### Work required
Both the line with "Model wearing Cornerstone" and the line with "Habitación de hotel" in the records below must appear in the output, along with every line between them, exactly and with nothing added.

*** Entries shown ***

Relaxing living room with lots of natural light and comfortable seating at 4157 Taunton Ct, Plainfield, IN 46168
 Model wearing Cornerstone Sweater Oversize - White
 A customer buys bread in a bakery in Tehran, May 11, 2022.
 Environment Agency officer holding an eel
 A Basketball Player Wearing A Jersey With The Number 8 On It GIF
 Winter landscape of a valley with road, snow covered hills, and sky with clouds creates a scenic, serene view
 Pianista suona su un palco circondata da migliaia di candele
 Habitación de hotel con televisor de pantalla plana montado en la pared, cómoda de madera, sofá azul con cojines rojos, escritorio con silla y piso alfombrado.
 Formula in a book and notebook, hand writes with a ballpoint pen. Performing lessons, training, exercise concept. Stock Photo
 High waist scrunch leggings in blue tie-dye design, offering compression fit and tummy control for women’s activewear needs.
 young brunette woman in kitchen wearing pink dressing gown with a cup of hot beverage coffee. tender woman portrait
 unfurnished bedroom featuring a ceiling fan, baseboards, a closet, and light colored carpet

*** End of Entries shown ***

### Result for this task
 Model wearing Cornerstone Sweater Oversize - White
 A customer buys bread in a bakery in Tehran, May 11, 2022.
 Environment Agency officer holding an eel
 A Basketball Player Wearing A Jersey With The Number 8 On It GIF
 Winter landscape of a valley with road, snow covered hills, and sky with clouds creates a scenic, serene view
 Pianista suona su un palco circondata da migliaia di candele
 Habitación de hotel con televisor de pantalla plana montado en la pared, cómoda de madera, sofá azul con cojines rojos, escritorio con silla y piso alfombrado.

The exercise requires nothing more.